You don’t want to be a long pole in your project, because that just means that everybody will be giving your component extra scrutiny to make sure it’s not going to make everything late.

Here are some citations.

Design on track, but setup work appears to be long pole.

XYZ work is long pole in the schedule; not clear whether issue can be mitigated.

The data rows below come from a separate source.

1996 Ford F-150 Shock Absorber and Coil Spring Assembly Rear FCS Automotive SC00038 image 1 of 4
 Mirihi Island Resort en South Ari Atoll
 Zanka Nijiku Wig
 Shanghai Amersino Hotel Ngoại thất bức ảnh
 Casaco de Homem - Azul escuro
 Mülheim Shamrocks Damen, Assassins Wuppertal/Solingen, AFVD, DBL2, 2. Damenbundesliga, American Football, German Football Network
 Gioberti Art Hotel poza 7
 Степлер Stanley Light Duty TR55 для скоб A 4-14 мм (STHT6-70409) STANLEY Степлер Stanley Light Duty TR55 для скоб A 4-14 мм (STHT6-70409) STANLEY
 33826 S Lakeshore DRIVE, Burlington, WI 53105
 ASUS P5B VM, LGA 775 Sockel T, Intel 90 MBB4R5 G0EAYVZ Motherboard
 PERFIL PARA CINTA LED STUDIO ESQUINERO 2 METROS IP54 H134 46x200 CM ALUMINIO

XYZ is still the long pole, now out [i.e., over schedule] by about six days, down from eight days last week after the ABC work was offloaded to UVW.

Author

Raymond has been involved in the evolution of Windows for more than 30 years. In 2003, he began a Web site known as The Old New Thing which has grown in popularity far beyond his wildest imagination, a development which still gives him the heebie-jeebies. The Web site spawned a book, coincidentally also titled The Old New Thing (Addison Wesley 2007). He occasionally appears on the Windows Dev Docs Twitter account to tell stories which convey no useful information.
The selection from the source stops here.